Nel 2017 ha cominciato a manifestarsi un mutamento dei fondamentali a livello globale. La crescita è accelerata in tutte le regioni dell’economia globale. I segnali di inflazione nell’eurozona erano tali da indurre la BCE a considerare la possibilità di ridurre gradatamente gli acquisti di titoli.
In molti casi però è parso che gli investitori avessero passato buona parte del 2017 a rimanere ancorati ai timori deflazionistici del passato anziché prendere atto della nuova realtà economica. Infatti, ci sono stati lunghi periodi in cui il valore delle azioni costose con una crescita più lenta (ma meno sensibile al ciclo economico) degli utili è salito più di quello di azioni con prezzi convenienti ma con una crescita più rapida degli utili.

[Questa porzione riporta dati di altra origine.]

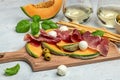 Italian traditional appetizer Prosciutto con Melone, mozzarelle and basilico. Cantaloupe melon with prosciutto or jamon, Royalty Free Stock Photo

Quando i tassi di interesse scendevano, l’acquisto di azioni di crescita secolare o simil-obbligazionarie funzionava, grazie appunto a bassi tassi di interesse e ad un basso tasso di inflazione. Tali azioni in genere non rendono bene quando i tassi di interesse invece salgono. Quindi, se il 2017 è stato l’anno in cui le condizioni economiche hanno cominciato a cambiare, è possibile che il 2018 sia l’anno in cui gli investitori in Europa cominciano a adeguarsi alla nuova realtà macroeconomica? E quali altri cambiamenti potrebbe avere in serbo il 2018?
L’inflazione ha ripreso a salire. In passato si diceva che ciò era dovuto “solo” all’aumento dei prezzi petroliferi (chi nega la reflazione ama termini come “solo” e “ma” come se i fatti potessero essere ignorati solo perché le loro teorie non li prevedono). Sono diversi i fattori che contribuiscono a far salire l’inflazione. Una crescita economica più rapida è in genere il risultato di una domanda più elevata, che si traduce in un aumento dei prezzi da parte delle società e, a seguire, in una richiesta di salari più alti da parte dei lavoratori per tenere il passo con i prezzi.
Il sindacato tedesco IG Metall, per esempio, ha chiesto un incremento salariale del 6% alla Volkswagen per il 2018. I salari dei metalmeccanici, non aumenteranno nella stessa misura, ovviamente, ma anche la metà di tale aumento sarebbe di gran lunga superiore all’inflazione obiettivo del 2% della BCE. Personalmente, ritengo che l’aumento sarà di circa il 4%. I lavoratori che ricevono aumenti in busta paga tendono a consumare di più, facendo salire la domanda e, potenzialmente, l’inflazione.
Se dovessi stilare una classifica degli attuali rischi dei mercati azionari, metterei ai primi posti non la Brexit, Trump o la Corea del Nord ma le (estremamente) costose azioni di crescita che ogni investitore ha già in portafoglio, le cui valutazioni sono sostenute da bassi tassi di interesse. Non ha senso presumere che le strategie di investimento che hanno funzionato in fase di calo dei tassi di interesse continueranno a funzionare anche quando questi ultimi saliranno. Se così fosse potremmo tranquillamente concludere che ci sono strategie buone per tutte le stagioni. Il passato però insegna che niente nei mercati azionari è per sempre.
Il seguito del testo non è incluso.